Finally, this excavation approach fails to consider the fact that it destroys the structure just as much as a developer's bulldozer destroys a cairn. Not to mention that excavation of graves and destruction of cairns and other sacred ceremonial features is disrespectful to the Native American tribes. I am deeply bothered by the total lack cultural sensitivity expressed in these remarks.

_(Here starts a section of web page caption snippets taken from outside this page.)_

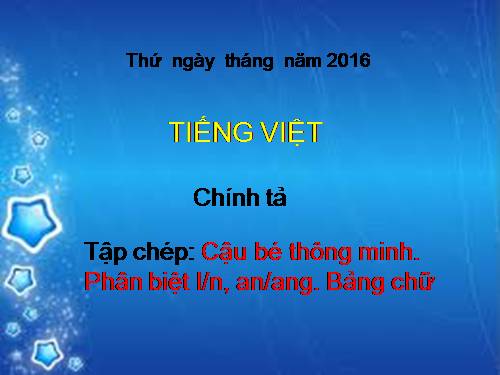 Tuần 1. Tập chép: Cậu bé thông minh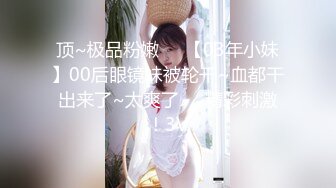 顶~极品粉嫩❤️【03年小妹】00后眼镜妹被轮干~血都干出来了~太爽了❤️精彩刺激！3V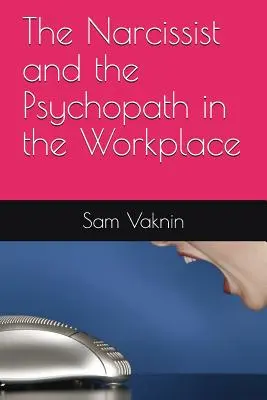 Der Narzisst und der Psychopath am Arbeitsplatz - The Narcissist and the Psychopath in the Workplace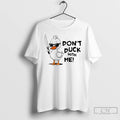 Classic Dont Duck With Me T-Shirts, Hoodie, Sweatshirt | CiraTrend.com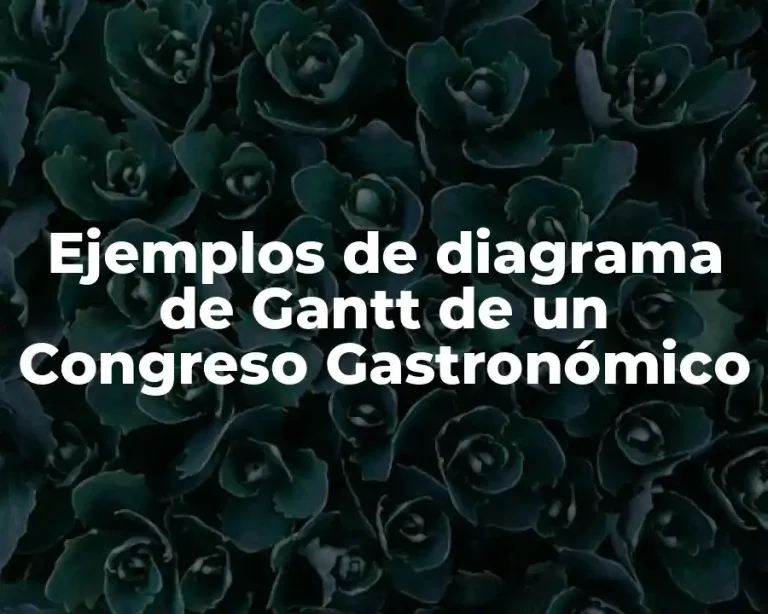 Ejemplos de diagrama de Gantt de un Congreso Gastronómico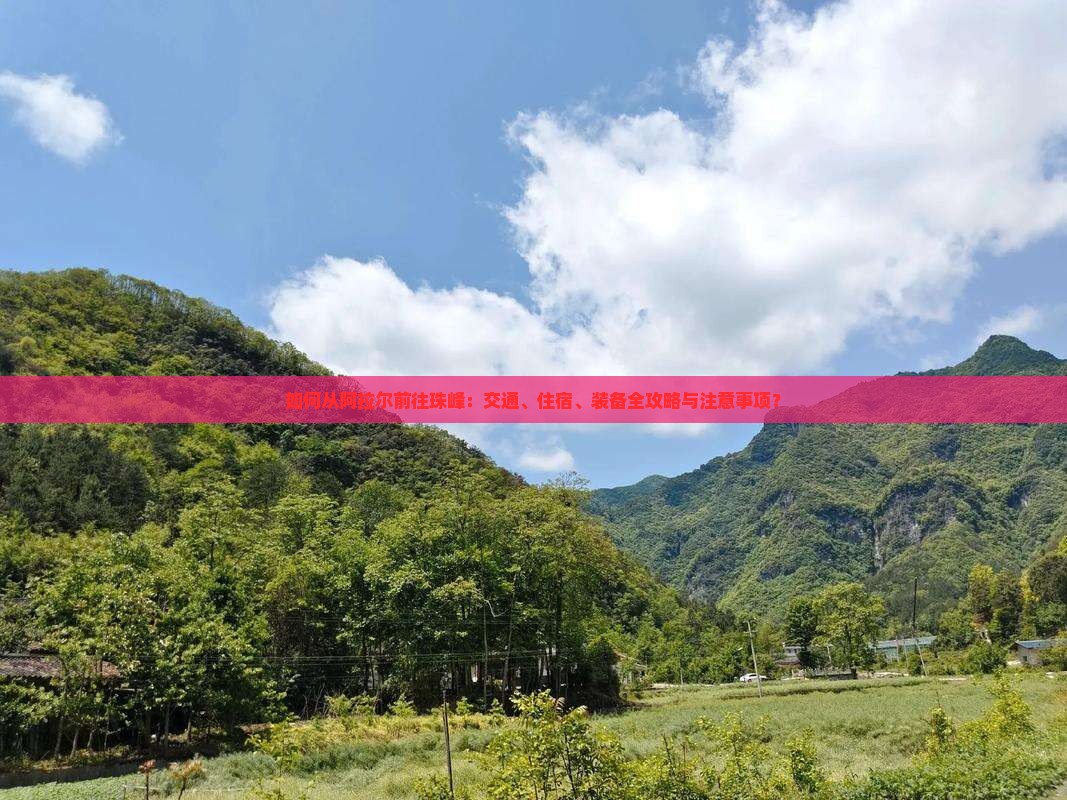 如何从阿拉尔前往珠峰：交通、住宿、装备全攻略与注意事项？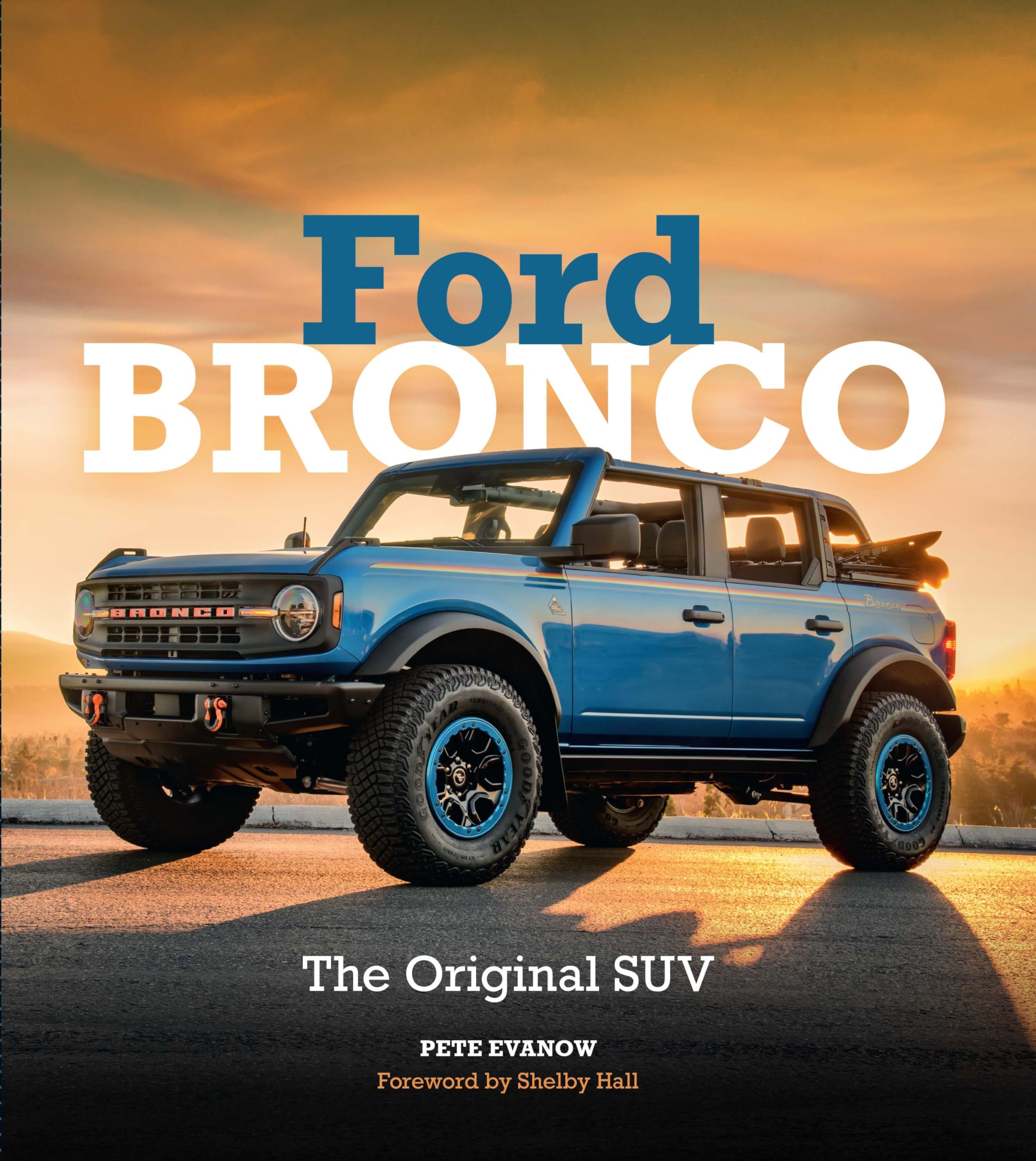 Broncoページ Ford Bronco: The Original SUV : Evanow, Pete, Hall, Shelby: Amazon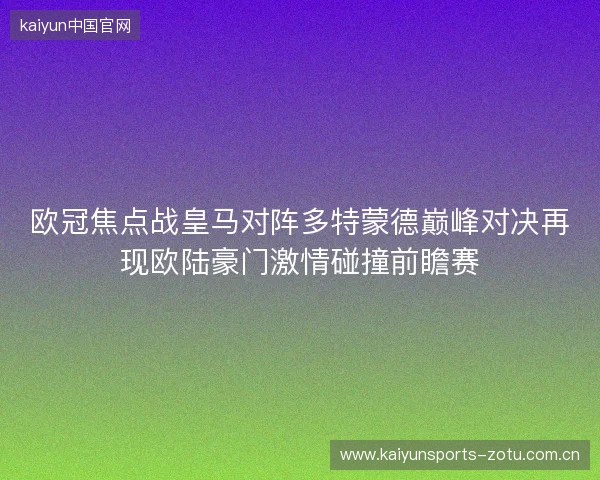 欧冠焦点战皇马对阵多特蒙德巅峰对决再现欧陆豪门激情碰撞前瞻赛 欧冠焦点战皇马对阵多特蒙德巅峰对决再现欧陆豪门激情碰撞前瞻赛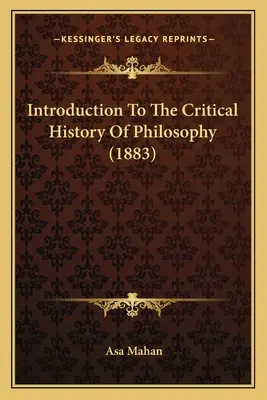 Wprowadzenie do krytycznej historii filozofii - Introduction To The Critical History Of Philosophy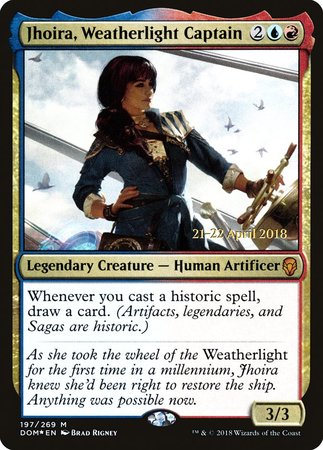 Jhoira, Weatherlight Captain [Dominaria Promos] | GnG Games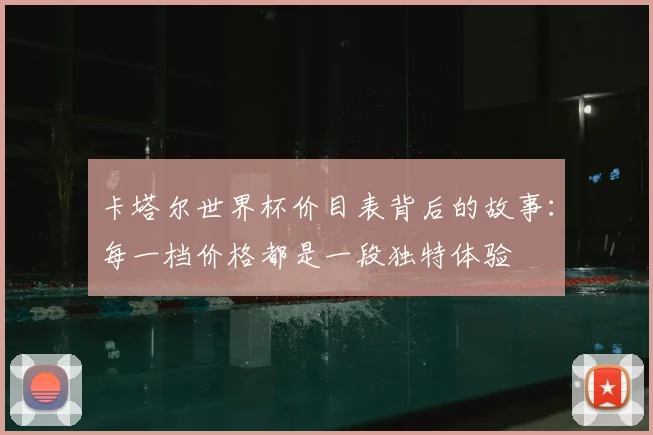 卡塔尔世界杯价目表背后的故事:每一档价格都是一段独特体验
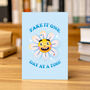 Take It One Day At A Time Greeting Card, thumbnail 2 of 3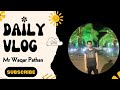Exploring kala shah kaku lahore pakistan  vlog night with mr waqar pathan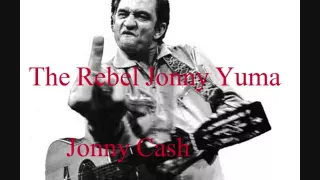 Johnny Cash - The Rebel Johnny Yuma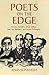 Poets on the Edge : Vicente Huidobro, Cesar Vallejo, Juan Luis Martinez, and Nestor Perlongher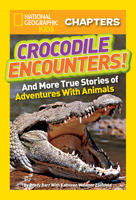 Crocodile Encounters!: And More True Stories of Adventures with Animals 1426310285 Book Cover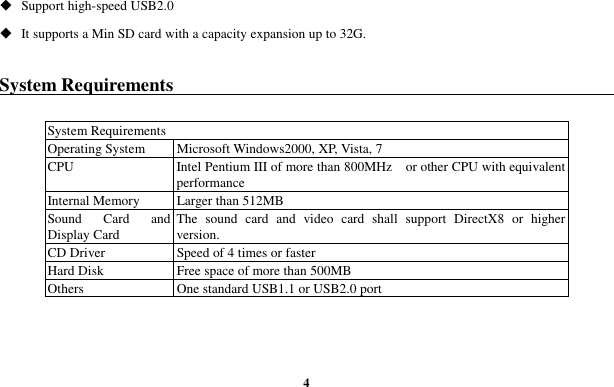  4  Support high-speed USB2.0  It supports a Min SD card with a capacity expansion up to 32G.  System Requirements                                                            System Requirements Operating System  Microsoft Windows2000, XP, Vista, 7 CPU Intel Pentium III of more than 800MHz    or other CPU with equivalent performance Internal Memory  Larger than 512MB Sound  Card  and Display Card The  sound  card  and  video  card  shall  support  DirectX8  or  higher version. CD Driver  Speed of 4 times or faster Hard Disk  Free space of more than 500MB Others  One standard USB1.1 or USB2.0 port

The willingness to consider Native American cultural origins for these structures is admirable and good first step. But, this is only the a first step and there is much room for improvement.

James Gage

Norman said...

It would be wonderful in a perfect world if we could just look at a cairn and figure out exactly what it was used for and what might be inside, if anything. But of course, this is not the case, and we are often put in the awkward position of scratching our heads wondering just what it is we are looking at. And sometimes, after all avenues of scientific investigation have resulted in very little, we have to get down on our hands and knees and do a little digging -- but carefully and sensitively. In certain circumstances,such as a developer intending to destroy a stone mound site because it is in the way of a development, we need evidence to prevent this from happening, If we can establish that the mound site predates the colonial period, through soil analysis, radiocarbon dating or whatever, then this will often suffice. And if we can prove that a stone mound represents a burial, this is even more powerful evidence. No amount of talking or discussion among ourselves, however, can provide the clear cut evidence that archaeologists and developers need to set aside a cairn site. Perhaps in the future the type of non-invasive research we now do can be a model acceptable to all parties. But we are not there yet.

Having been examining platform cairns and other carefully constructed stone features throughout the Northeast for the past twelve years, I really have no solid evidence what they were used for, who built them, or when (yes, I have my own ideas, but they don't constitute hard evidence). And since these structures are sometimes destroyed just because they are in the way and most people are ignorant about them, I really want to know more about them -- meaning dates and cultural data. Because with this ammunition, I can better educate the public and help save the stone features. Isn't that a proper goal?

pwax said...

Norman: Indeed!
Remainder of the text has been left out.